Aradan geçen bu süre içinde Arap Birliği de kâh Mısır’ın kâh Suudi Arabistan’ın borazanı oldu; ama hiçbir zaman 22 üye ülkenin çıkarlarını koruyan uluslararası bir güç olmadı. Libya’nın 2011’de ABD, İngiltere, İtalya ve diğer 10 ülke tarafından işgali sırasında, mesela, Arap Birliği neredeydi? Yemen’de nerede? Irak ve Suriye’de nerede?
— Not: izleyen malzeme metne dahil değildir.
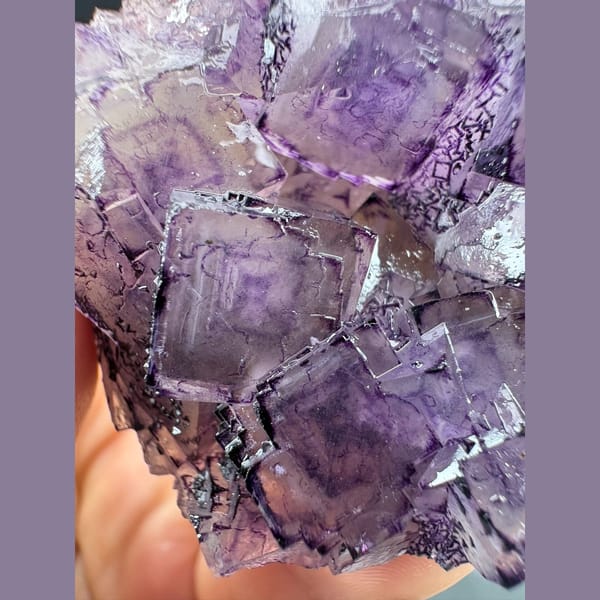 Purple fluorite cluster with patterned inner zoning from Luoyang — complete view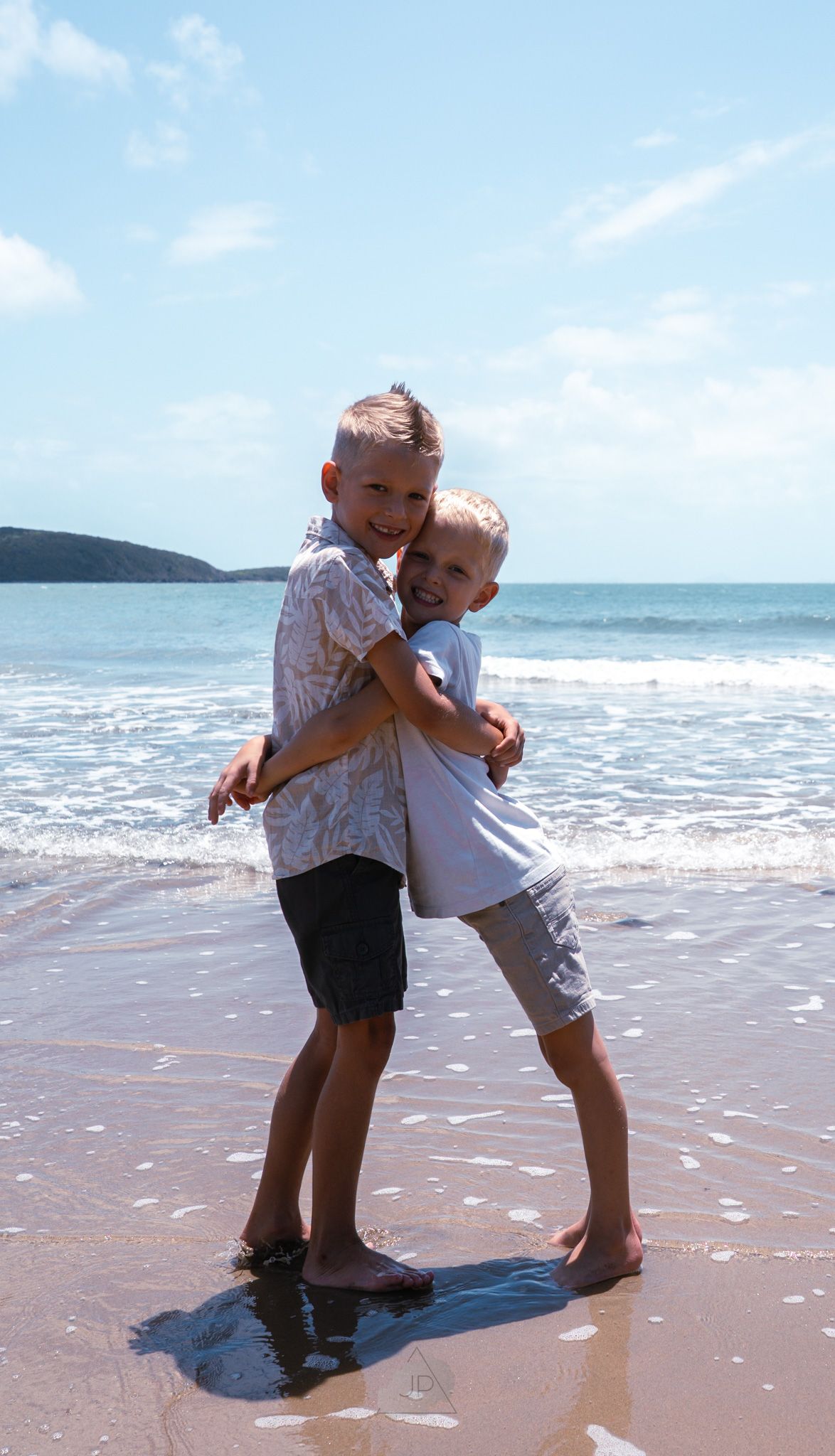 Two children playing and hugging together on a sunny tropical beach with waves and mountains in the background.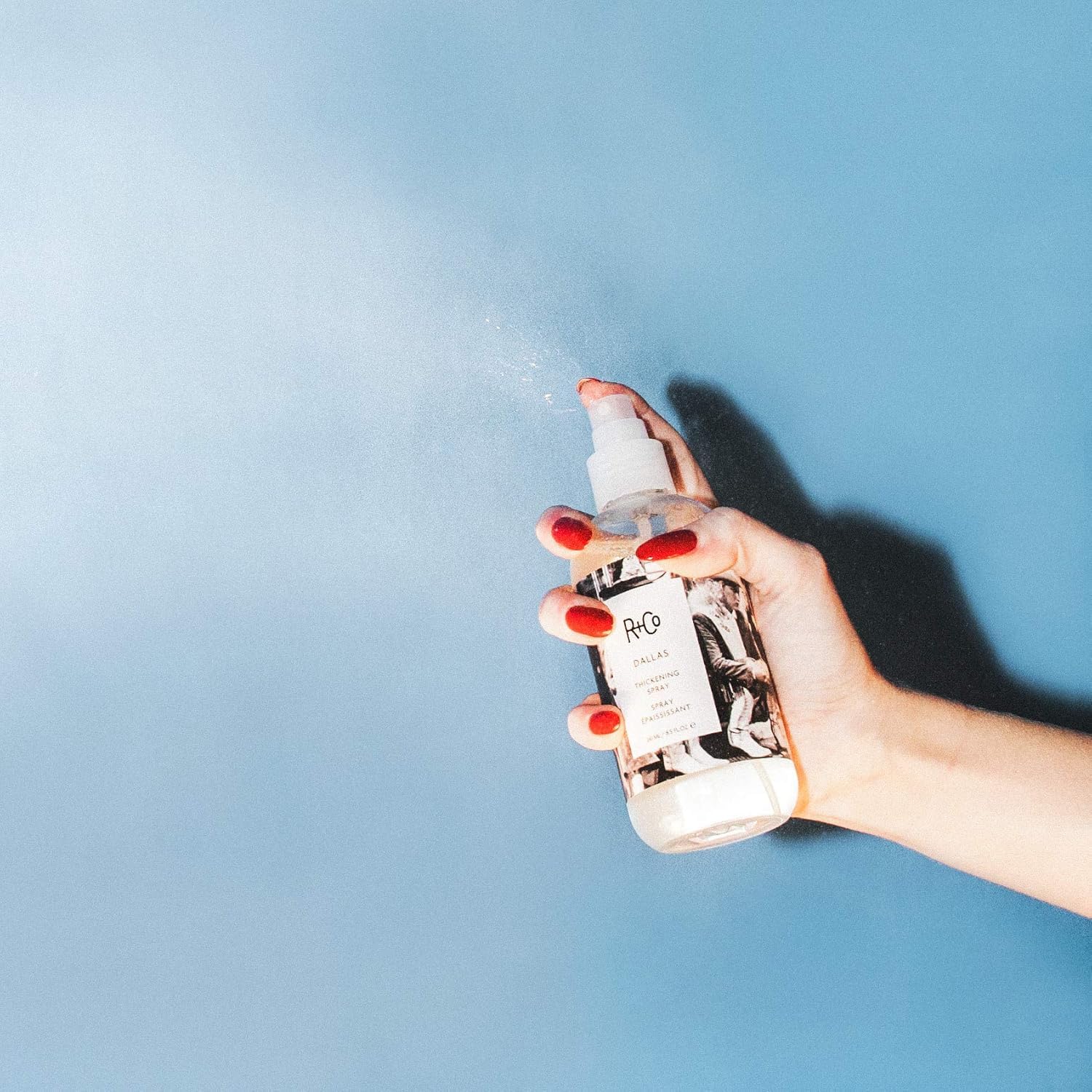 R+Co Dallas provides shine and body for smooth, modern styles.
Oysa Arap Birliği, üyelerinin milli gelirleri açısından dünyanın en zengin uluslararası örgütüdür.
Şimdi bu pespaye kurumun genel sekreteri olan Ahmed Ebu Gheyt, 54’ncü Uluslararası Münih Güvenlik Konferansı’nda Ortadoğu konularının ele alındığı oturumda Zeytin Dalı Harekâtı’yla ilgili olarak, “Türk arkadaşlarıma, kardeşlerime, meslektaşlarıma sesleniyorum; sınırınızın güneyindeki bir Arap ülkesine müdahale ettiğinizin bilincinde olmalısınız. Bu şekilde eyleme geçmeden önce ilkelerinizi ortaya koymanız beklenir” buyurmuş!
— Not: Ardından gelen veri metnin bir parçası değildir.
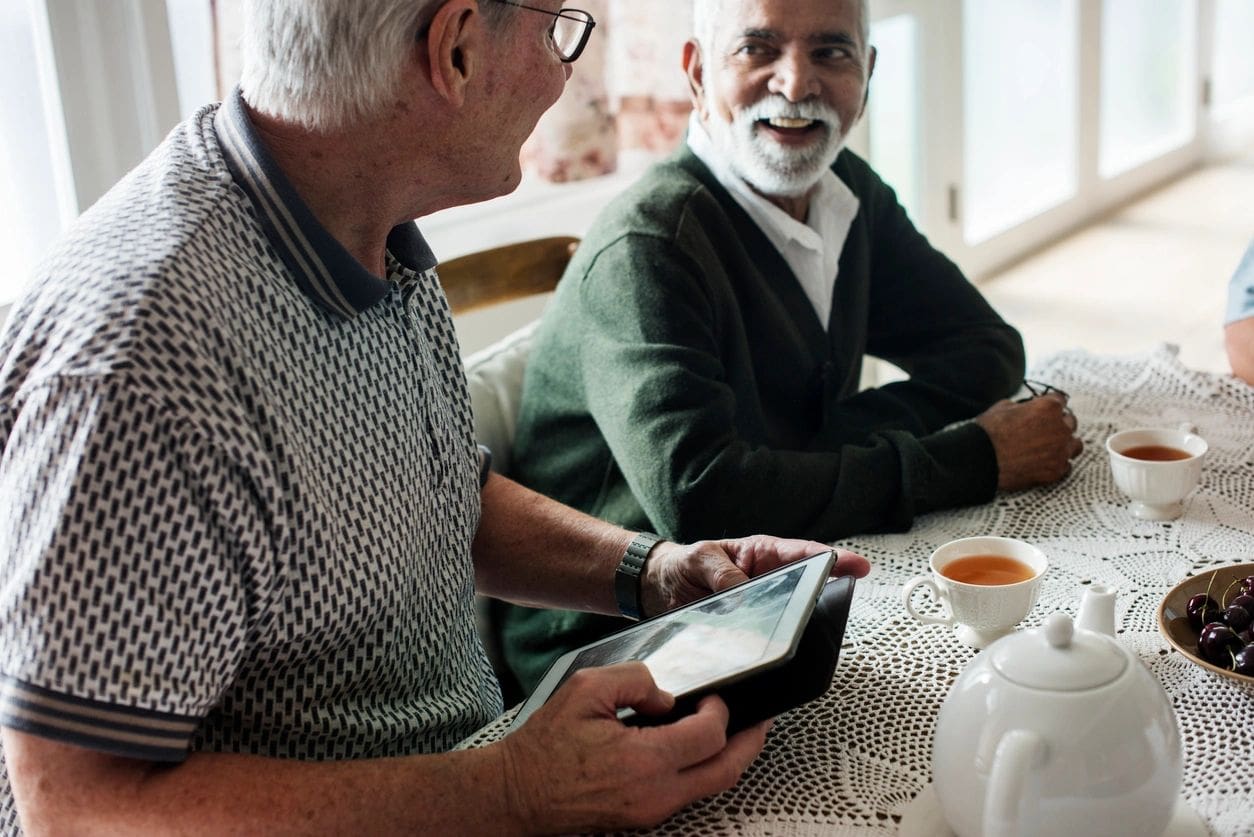 Two older men sitting at a table looking at an ipad.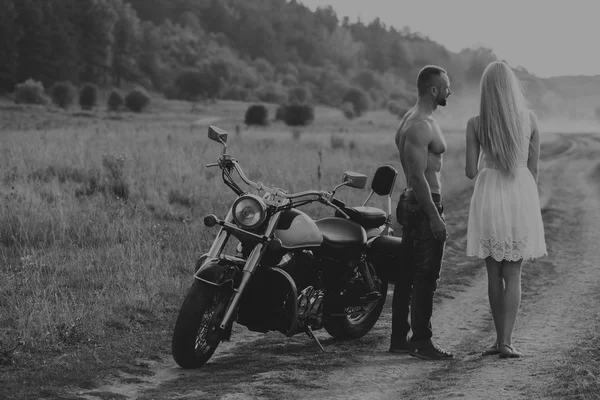 Blanco y negro foto motorista pareja en una motocicleta en el campo . —  Fotos de Stock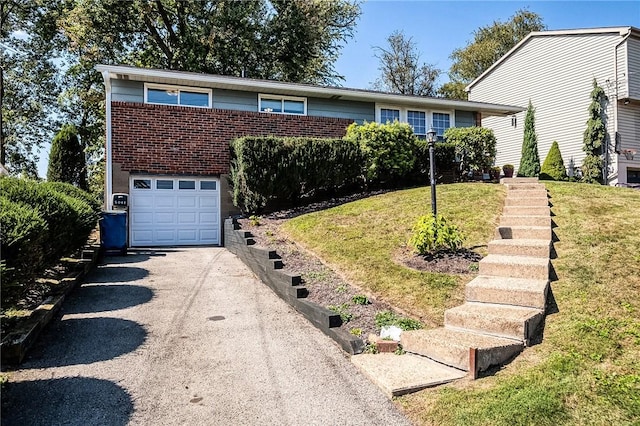 view of front of home featuring a garage and a front yard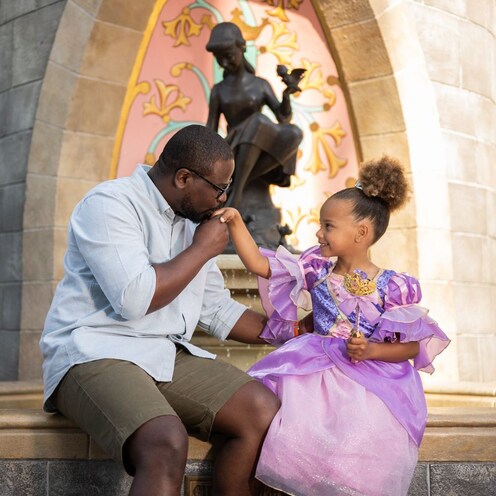 A father kissing the hand of his young daughter who is wearing a princess gown in front of Cinderella Fountain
Beyefendi Türkiye’nin “Sınırlarımızın ötesinden bize her gün silahlı saldırı yapılıyor, bunu önlemek gerekir!” sözünün neresini anlamamış acaba? “Sınırlarımızın dibinde, Suriye’nin toprak bütünlüğünü bozan bir terör koridoru devleti kuruluyor; bunu kabul edilemez” ifadesinin bir ilke dile getirdiğini anlamak ne kadar zor acaba?
Ülkeler gibi örgütlerin de kuklacısı var.